KMP berantakan dan masa depan Gerindra dan Prabowo
Gerindra dapat menerima limpahan suara kecewa, Prabowo bisa belajar dari Lula da Silva.
Koalisi Merah Putih atau KMP berantakan. Pertengahan tahun lalu Partai Amanat Nasional (PAN) menyatakan bergabung dengan pemerintahan Jokowi-JK, lalu pada akhir tahun Partai Keadilan Sejahteran (PKS) mulai mendekati Jokowi-JK. Akhirnya, pada awal tahun ini Partai Golongan Karya (Golkar) dan Partai Persatuan Pembangunan (PPP) terang-terangan menyokong pemerintahan Jokowi-JK.
Bahwa KMP akan bubar di tengah jalan, atau tidak bertahan sampai mendekati Pemilu 2019, sebetulnya sudah diperkirakan banyak orang. Akal sehat umum saja yang menyimpulkan: pertama, KMP dibentuk akibat emosi kalah pemilu; kedua, partai pendukungnya, khususnya Partai Golkar, berwatak pragmatis, takkan tahan jadi oposisi.
Secara teori, koalisi partai politik itu ada dua jenis: pertama, bersatu karena pertimbangan kesamaan ideologis; kedua, bersatu karena pertimbangan meraih 50% lebih kursi parlemen dan atau meraih kursi presiden dalam pemilu.
Jika bicara kesamaan ideologi, tidak terdapat dalam partai-partai yang bergabung dalam KMP. PAN dan PKS beraliran Islam modernis, PPP lebih pada Islam tradisionalis, Partai Gerindra kekaryaan nasionalis, sedangkan Partai Golkar kekeryaan pragmatis.

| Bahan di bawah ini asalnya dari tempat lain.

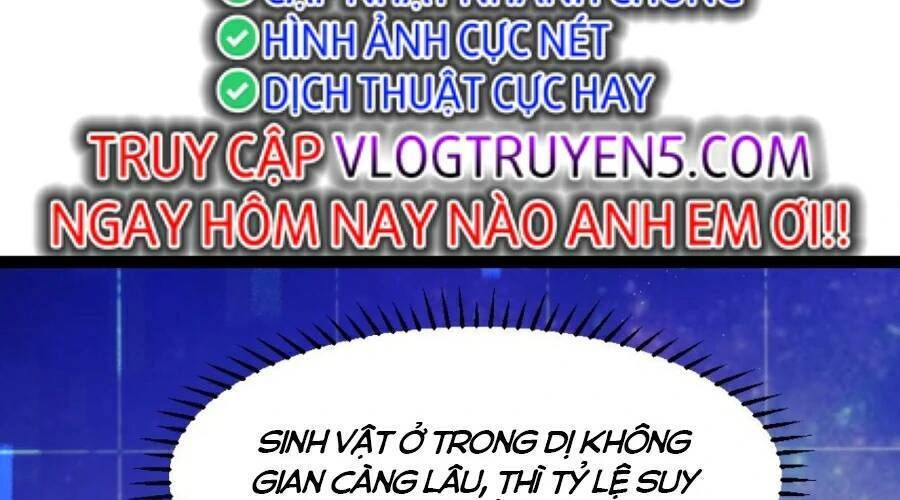 đọc truyện Toàn Cầu Băng Phong: Ta Chế Tạo Phòng An Toàn Tại Tận Thế Chương 91 ảnh 57 tại Thiên Thai Truyện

Peta politik itu pun hanya berdasarkan teks dan jargon. Dalam praktik politik keseharian mereka berlaku pragmatis: ambil yang paling menguntungkan, kini dan di sini.
Sebetulnya koalisi yang terbentuk atas pertimbangan pragmatis bisa saja bertahan lama, asal: pertama, terdapat kesepakatan atas platform politik bersama; kedua, menang dalam perebutan kursi di legislatif atau eksekutif. Dua syarat tersebut tidak dimiliki oleh KMP, sehingga anggotanya cenderung tidak tahan jadi koalisi oposisi.
Jika pun ada yang mencoba dan berhasil bertahan, itu pun lebih karena gengsi elit politiknya. Dalam hal ini PDIP bertahan jadi opoisisi lebih karena pilihan politik Megawati yang merasa dikhianti SBY. Demikian juga dengan Partai Gerindra, lebih karena pilihan politik Prabowo, yang juga merasa dikhianati PDIP dan Megawati.
Jika memang demikian, bagaimana masa depan Partai Gerindra dan Prabowo Subianto? Akankah Partai Gerindra mengulangi sukses PDIP setelah sepuluh tahun bertahan jadi oposisi sendirian? Lalu, bagaimana peluang Prabowo menjadi presiden terpilih pada Pemilu 2019?
Pertama kali mengikuti pemilu pada Pemilu 2009, Partai Gerindra sudah menunjukkan performanya. Perolehan kursi partai yang didirikan Prabowo ini mengalahkan pamor Partai Hanura yang juga didirikan oleh pensiunan jenderal Wiranto. Pada Pemilu 2014 Partai Gerindra menjadi partai terbesar ketiga, di bawah PDIP dan Partai Golkar.
Konsisten berada di jalur oposisi selama lima tahun bersama PDIP, Partai Gerindra dan PDIP mendapat limpahan suara atas ketidakpuasan koalisi gemuk pendukung pemerintahan SBY-Boediono: Partai Demokrat, Partai Golkar, PKS, PAN, PKB, dan PPP. Tentu saja wibawa Prabowo yang terus menaik mejelang Pemilu 2014 juga menjadi faktor yang menambah perolehan suara Partai Gerindra.
Sejauh ini, Prabowo masih menjadi satu-satunya alternatif untuk menyaingi Jokowi dalam Pemilu 2019 nanti. Memang usia sudah melampaui batas rata-rata pemimpin nasional, padahal pada saat yang sama Jokowi justru memasuki usia paling produktif. Namun para lover Prabowo masih bertahan, dan jumlahnya akan semakin bertambah jika mereka yang manaruh harapan besar pada Jokowi kecewa.
Prabowo mungkin bisa belajar dari Lula da Silva, Ketua Partai Pekerja Brasil. Tokoh ini konsisten menjaga ideologi partai sekaligus menawarkan program-program alternatif yang masuk akal bagi publik. Tiga kali mencalonkan diri menjadi presiden, Lula gagal, namun kali keempat dia berhasil. Selama dua periode kepresidenannya Lula membawa Brasil menjadi negara yang disegani secara politik karena kekuatan ekonominya.